Next order of business is lighting. Your plants will need light, and depending on your latitude, a lot more than the sun will give you this time of year. If you have a sun room with nice big south facing windows that are NOT Low-E glass, you are a big step ahead here. If not, you need to produce light artificially.




Your lighting system should be built when you pick out your shelving options to maximize both. Generally speaking, you use long tube fluorescent shop lights for your light source. They are held by small chains that allow you to adjust the height from the plants (you should keep them about 2 inches from the plants). I have been using “daylight” bulbs in the fixtures, and I have been happy with them. Some people use just the “cool blue” bulbs, others a combination of the blue and red (soft) light bulbs. Feel free to experiment. Just know that the blue spectrum promotes plant growth, and the red spectrum promotes flowering.




You need to match the length and depth of your lights to how long your shelving will be. If you have 4 foot shelving, you need 4 foot shop lights. Ideally, you would have longer lights than your plants take up on your shelving, so the plants grow straight. If you lights are too short, your plants will grow toward the light. Unless you frequently rotate them, you won't have very strong plants. Just keep this in mind when you are setting up your seeding area.

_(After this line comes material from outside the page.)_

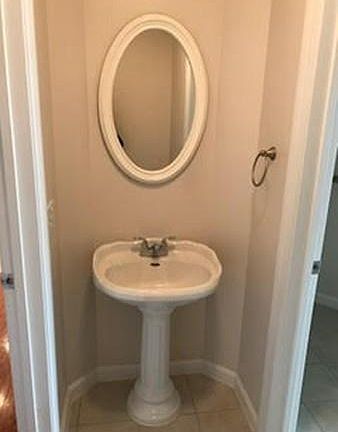 5th image of 5 Woodman Way Unit 307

While still experimental as I write this, I have forgone the traditional shop lights in favor of individual CFL or LED daylight bulbs and matching bases mounted individually on the bottom of the shelves for my latest version of seed starting system. The reason I am trying this is pure cost. I figured that the cost of putting 2 shop lights per shelf, and 3 shelves of lights would run approximately $140. Insane. The shop lights do NOT come with bulbs (and if they do, they are the wrong ones), so they are a separate expense and add up quickly. Instead, by using CFL Daylight bulbs, we can save considerable money. A CFL Daylight can be had in various power outputs. For now, I am using 60 watt equivalent. The bulbs are approximately $1.50 each, and the base is approximately $1.25 each. I figured on 4 bulbs per shelf, so that works out to about $11 per shelf, or $33 for 3 shelves. Upgrading to 6 bulbs per shelf only adds an additional $16 to the project. Or one could simply use higher wattage CFL bulbs and 4 sockets. Higher watt CFL bulbs are only 50 cents to a dollar more for 100 or 125 watt equivalent. Be careful for too hot of bulbs, though. You don't want to burn your plants from the heat.




My current experimental shelves are only 2.5 feet wide of useable space, so while 4 bulbs per shelf may work fine for me, if you have wider you would need to use 6 or 8 per shelf. For the bases, you can use traditional bases that are hard wired in and secured to the shelf, but the shelf system I got on sale was plastic and not wood. I had no way to secure the bases to the plastic perforated shelf. My solution was to use “temporary light sockets”. These have piercing contacts and a twist lock. You strip back the outer-most insulation of the standard building wire, exposing the 3 wires inside. You then simply set the exposed (but still insulated) hot and common wires on the piercing contacts and twist the lock. The contacts are pushed into the wire, making contact with the copper inside, thus providing power. They were quick and easy to put up, and I simply used zip ties to secure the unit to the perforated plastic shelf. A few didn't make great contact at first, but a little twist and wiggle and they are lighting properly. Since there are exposed contacts (although you would have to attempt to deliberately touch one), make sure you completely un-plug the lights from the power outlet before working with the plants. Keep kids away as well.




Oh, one last note about lighting: they need to be on a timer. I just use a cheap mechanical timer to give the plants approximately 12 hours of light a day.